### Task requirements
Could the records be returned exactly, with the pictures left out?

Brief descriptive captions:
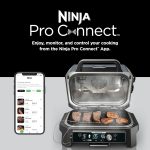 Ninja Woodfire ProConnect Premium XL 7-in-1 Outdoor Grill & Smoker - App Enabled with Woodfire Technology & 2 Built-In Thermometers - OG951 - Image 6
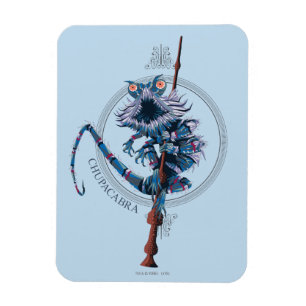 Imán Personalizado Chupacabra y anciana Wand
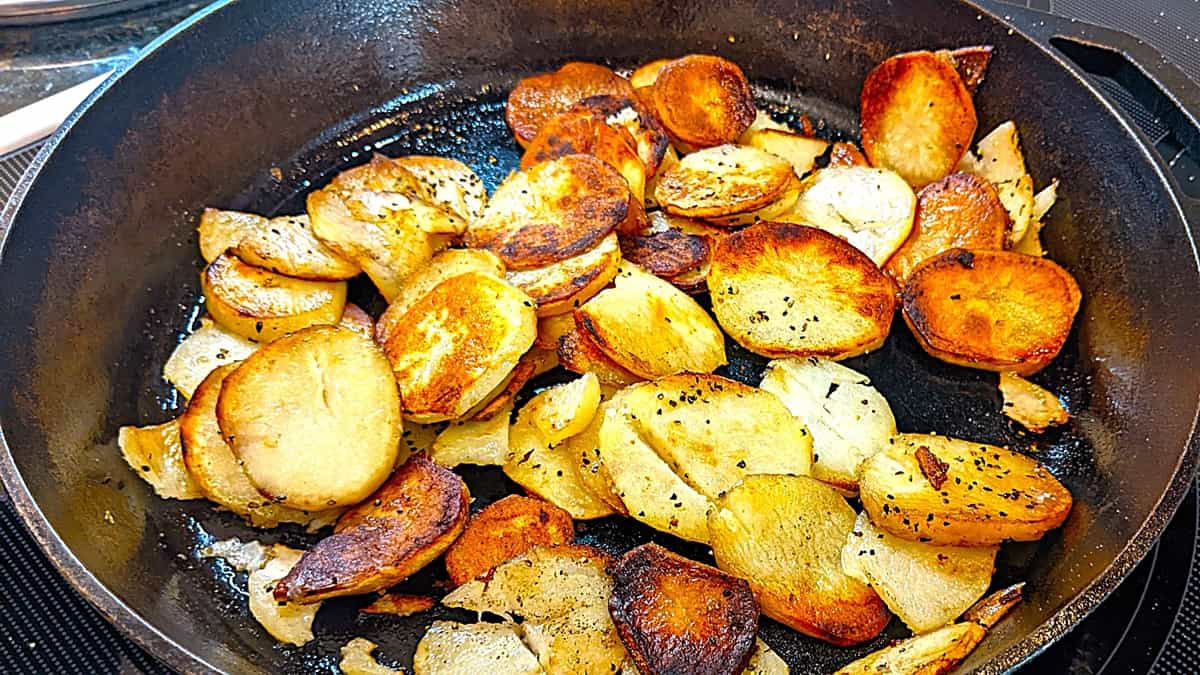 Pan Fried Potato Slices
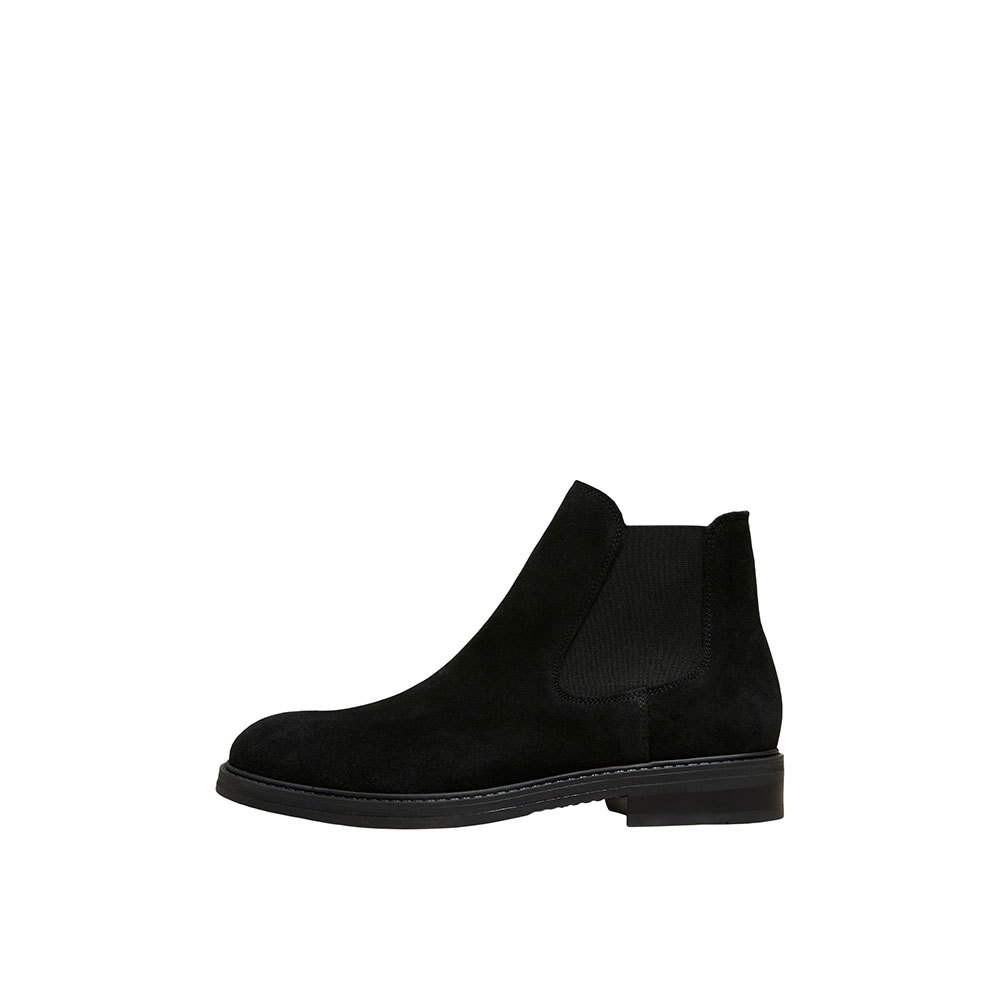 Shoes Selected Blake Suede Chelsea Boots Black
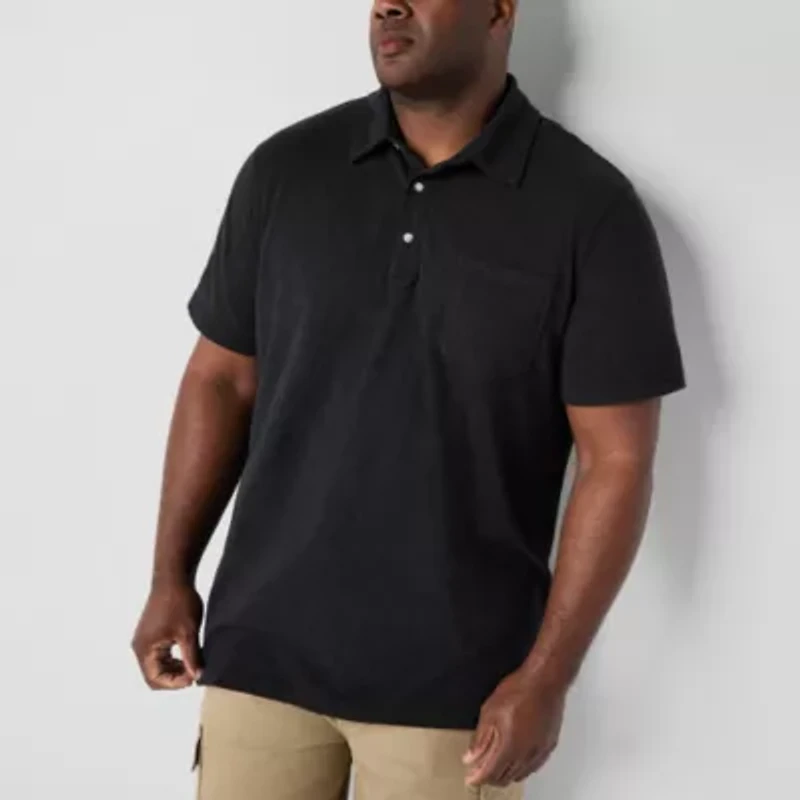 mutual weave Big and Tall Mens Regular Fit Short Sleeve Polo Shirt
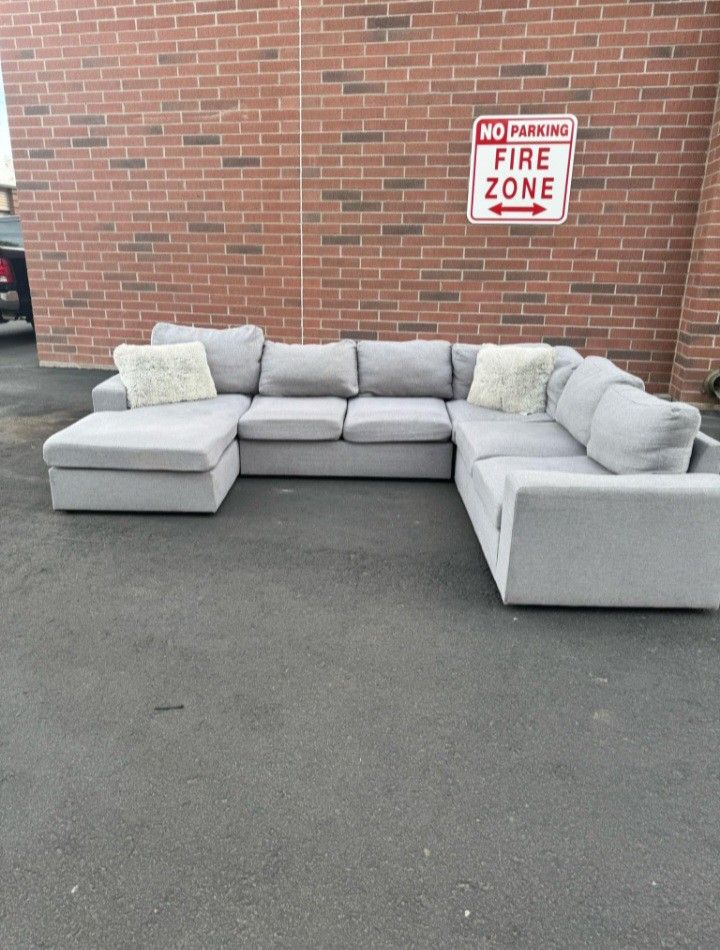 White Sectional Couch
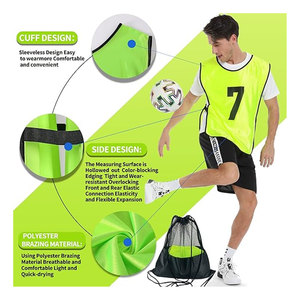 Scrimmage Training Vest 12 <b>Pack</b> Team Sports Pinnies Jerseys for Adult Youth Soccer Bibs Numbered Practice Jerseys Breathable - Product Image 5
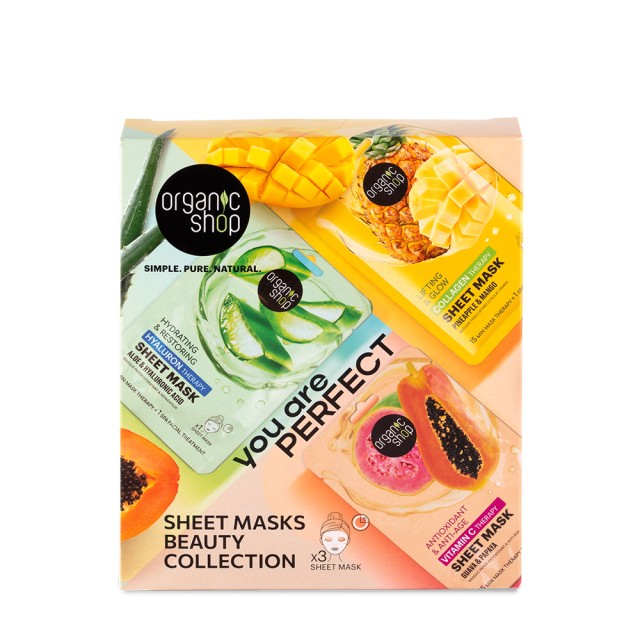 Natura Siberica Organic Shop Sheet Masks Beauty Collection Promo Pack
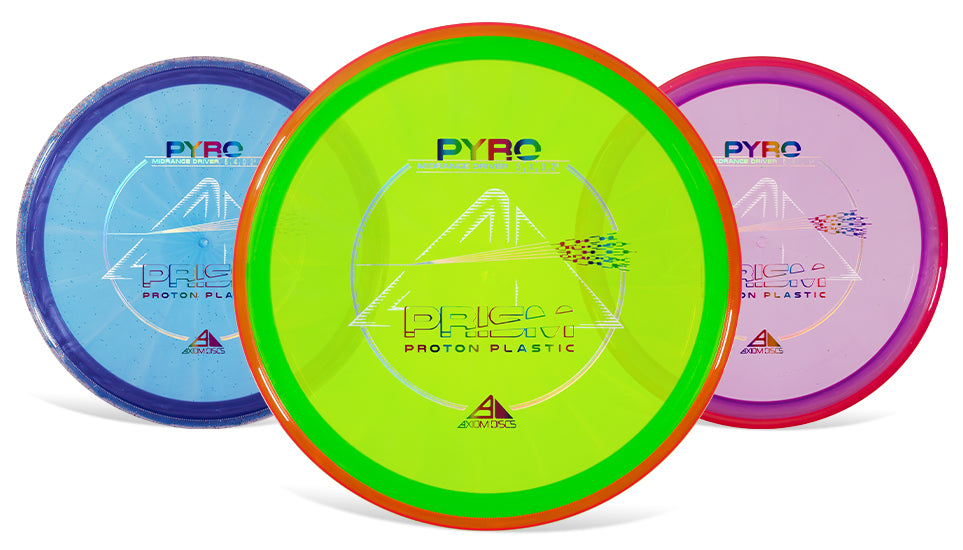 Axiom PYRO Prism Proton Plastic Midrange - Colors and Weights many vary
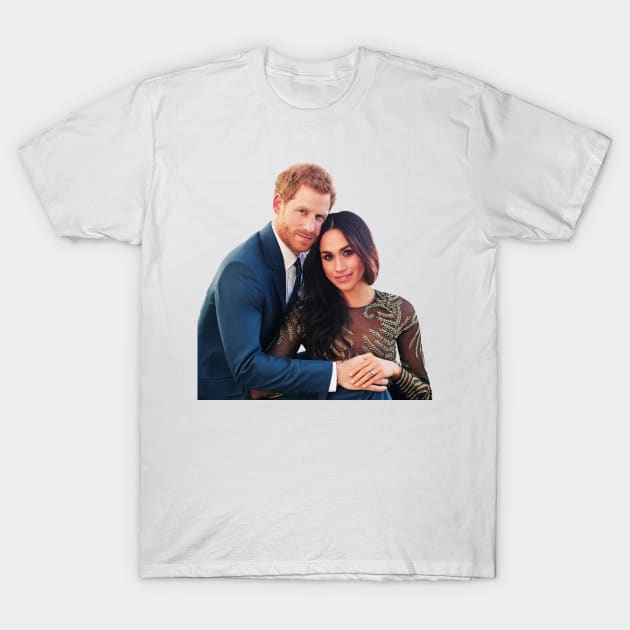 Harry and Meghan T-Shirt by swiftscuba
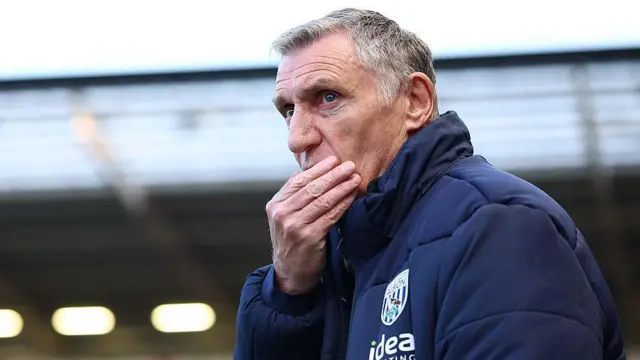 Former West Brom manager Tony Mowbray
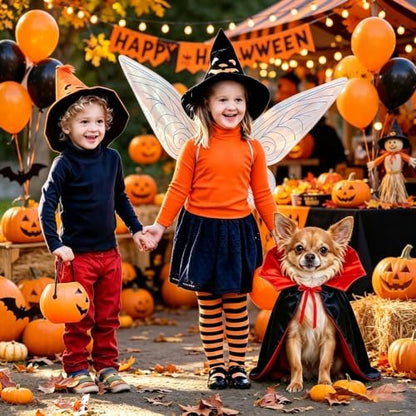 Dog Halloween Costumes for Small Medium Dogs, Dog Vampire Cape Cloak - Image 7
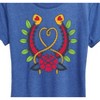 Women's - Country Casuals - Goth Western Horseshoe Short Sleeve Graphic T-Shirt - 2 of 4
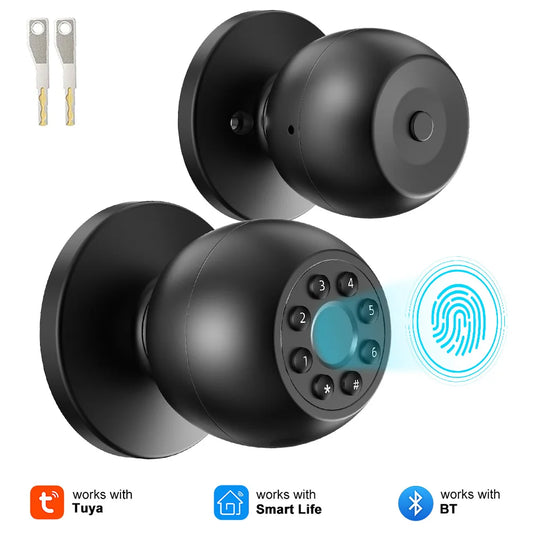 Tuya Smart Bluetooth Fingerprint Lock Smart Life Control Passcode Unlock Electronic Digit Home Intelligent Security System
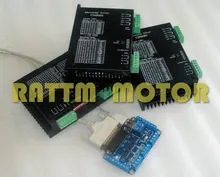 3 Axis High Quality CNC Stepper Controller kit 80VDC 6A 256 Microstep for CNC Router Mill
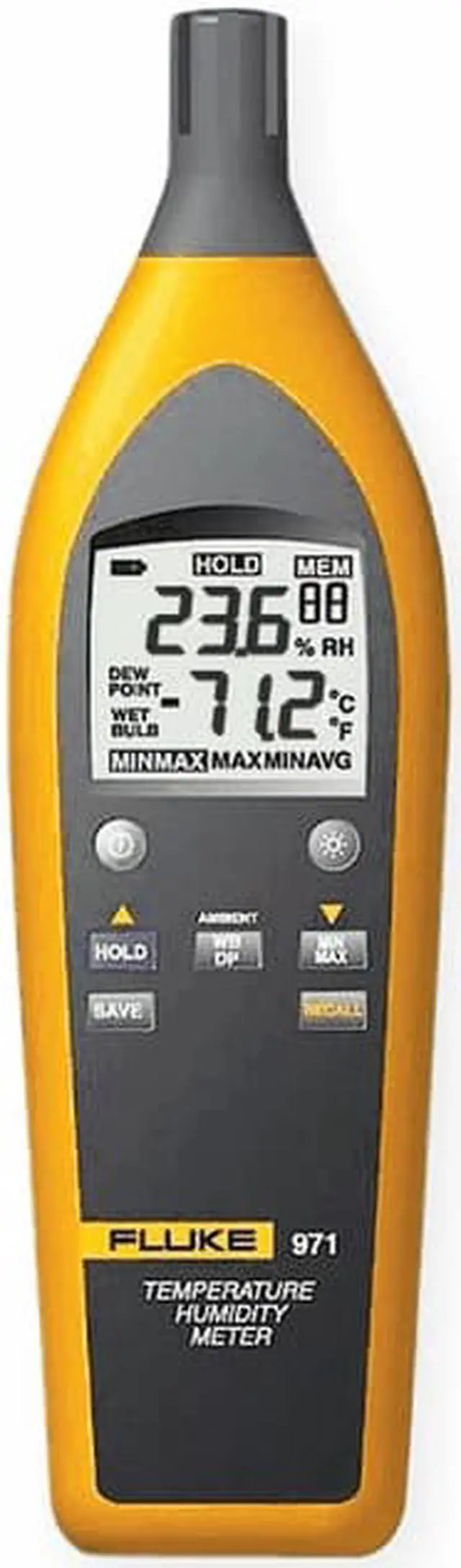Alt view image 3 of 12 - Fluke - FLUKE-971 - Fluke FLUKE-971 NTC Temperature Humidity Meter; (4) AAA Alkaline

### Reply
 Ninja Woodfire ProConnect Premium XL 7-in-1 Outdoor Grill & Smoker - App Enabled with Woodfire Technology & 2 Built-In Thermometers - OG951 - Image 6
 Imán Personalizado Chupacabra y anciana Wand
 Pan Fried Potato Slices
 Shoes Selected Blake Suede Chelsea Boots Black
 mutual weave Big and Tall Mens Regular Fit Short Sleeve Polo Shirt
 White Sectional Couch
 Scrimmage Training Vest 12 <b>Pack</b> Team Sports Pinnies Jerseys for Adult Youth Soccer Bibs Numbered Practice Jerseys Breathable - Product Image 5
 Natura Siberica Organic Shop Sheet Masks Beauty Collection Promo Pack
 Axiom PYRO Prism Proton Plastic Midrange - Colors and Weights many vary
 Harry and Meghan T-Shirt by swiftscuba
 Former West Brom manager Tony Mowbray
 Dog Halloween Costumes for Small Medium Dogs, Dog Vampire Cape Cloak - Image 7
 Women's - Country Casuals - Goth Western Horseshoe Short Sleeve Graphic T-Shirt - 2 of 4
 Tuya Smart Bluetooth Fingerprint Lock Smart Life Control Passcode Unlock Electronic Digit Home Intelligent Security System
 3 Axis High Quality CNC Stepper Controller kit 80VDC 6A 256 Microstep for CNC Router Mill
Alt view image 3 of 12 - Fluke - FLUKE-971 - Fluke FLUKE-971 NTC Temperature Humidity Meter; (4) AAA Alkaline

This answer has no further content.